En la ciudad de Tupiza (1957) me enteré de la existencia de Ionesco. Fue Liber Forti, fundador del grupo de teatro Nuevos Horizontes, el primero en dar a conocer el Teatro del Absurdo (y de otros tantos teatros) en Bolivia; después, sería el polifacético Jorge Rózsa, artista húngaro que revolucionó la escena teatral y la pintura en Santa Cruz de la Sierra, en la década de los 60, quien divulgaría por esas tierras la obra de Beckett e Ionesco. El Teatro Experimental Universitario de la UMSA/La Paz escenificó varias piezas del Teatro del Absurdo, entre 1960 y 1964. De esto saben mucho Jaime Virreira, Humberto Vacaflor, Raúl Rivadeneira y Armando Villafuerte. El escritor y periodista Rivadeneira –actual director de la Academia Boliviana de la Lengua– escribió un libro sobre la historia del TEU y su gesta cultural. Años después, en 1970, el español Trino Martínez Trives (+), traductor de Ionesco, nos instruyó aún más sobre el Teatro del Absurdo, durante su breve residencia en Bolivia.
Tres generaciones de parisinos le han tributado –a Ionesco– el mayor homenaje que puede concedérsele a un dramaturgo. Han pasado más de 50 años del estreno y varias obras suyas siguen representándose ininterrumpidamente en París. Es el caso de La cantante calva, La lección, Las sillas y Rinoceronte.
Rinoceronte (1960), comedia en tres actos es, sin duda, su obra más famosa, más inquietante y más polémica. Es una fábula contra la moral acomodaticia, contra el conformismo y el oportunismo, una parábola kafkiana que admite varias interpretaciones. Unos vieron una crítica a la opinión pública francesa durante la Guerra de Argelia; otros, quisieron ver una crítica al nazismo; otros, a los regímenes comunistas; y otros, a las dictaduras del Tercer Mundo.

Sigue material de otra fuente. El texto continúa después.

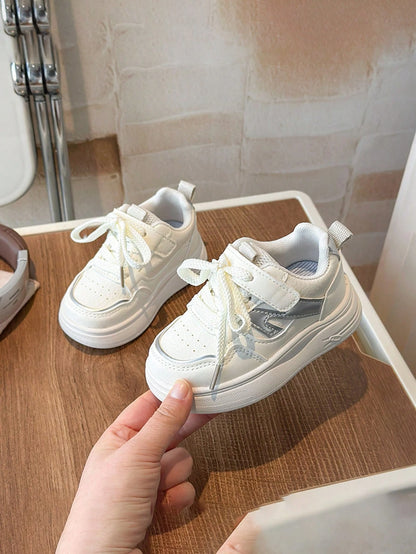 1 Pair Color-Matched Hook And Loop Closure Baby Shoes, Low-Top Thick Sole Unisex Toddler Sports Shoes, Fashionable And Comfortable Baby Sneakers
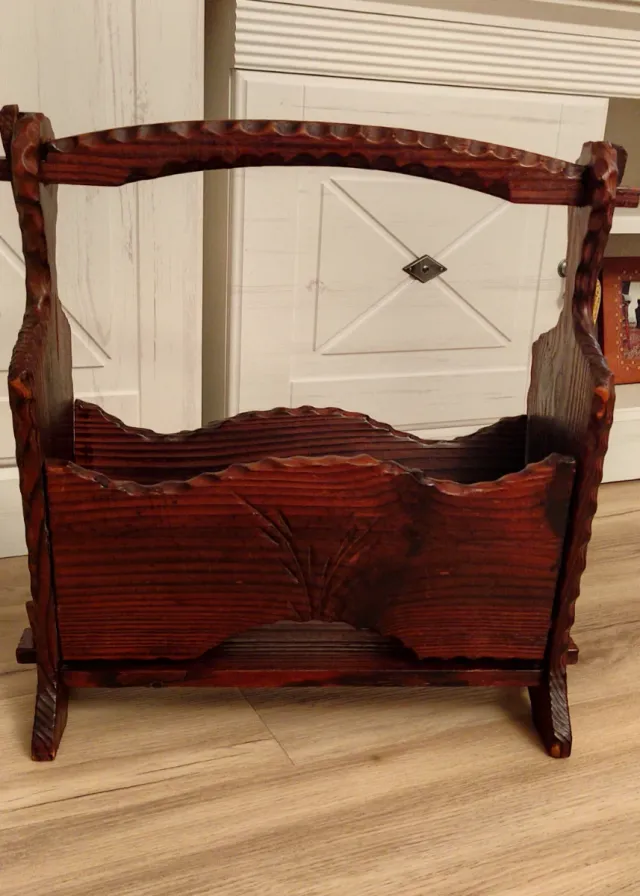 Revistero antiguo de madera maciza tallada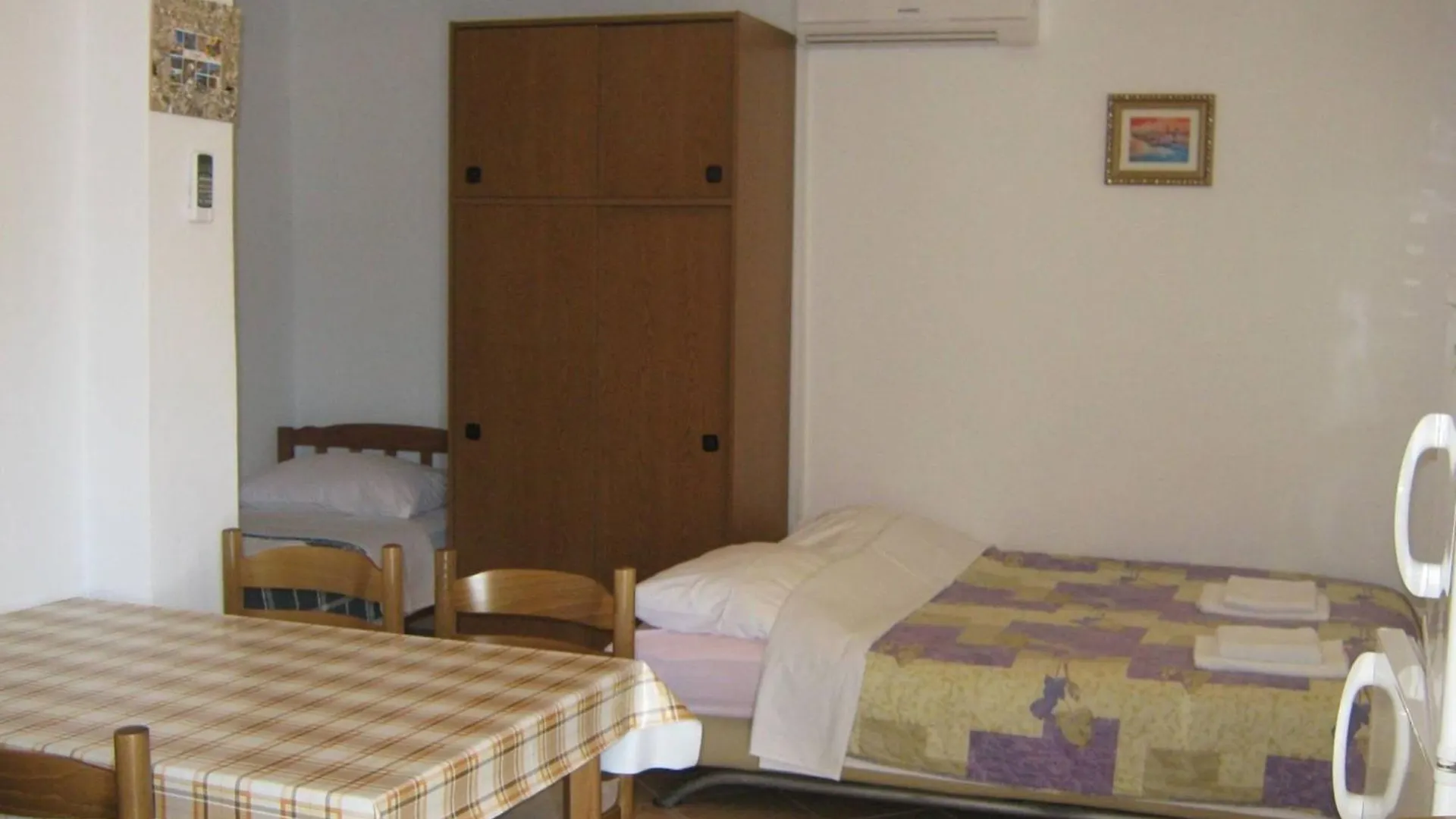 Beachfront Mastrinka Apartments With Sea View 特罗吉尔 克罗地亚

En una ciudad se cierne la amenaza de una epidemia de ‘rinoceritis’. De pronto un hombre se transmuta en rinoceronte. A ese hombre le siguen otros y otros y otros. La mutación del hombre en bestia simboliza el transfugio de las personas que aceptan, resignadas, la mentira, el engaño, la servidumbre, el miedo y el abuso. La ‘moral rinocérica’ cunde por toda la población y, poco a poco, los seres humanos se van convirtiendo en rinocerontes, menos uno, el personaje llamado Berenguer, que se resiste a perder su humanidad. En el monólogo final, Berenguer cierra la función con estas palabras: “¡Jamás me convertiré en rinoceronte, jamás, jamás! ¡Yo soy el último hombre y lo seré hasta el fin! ¡Yo no capitulo!”.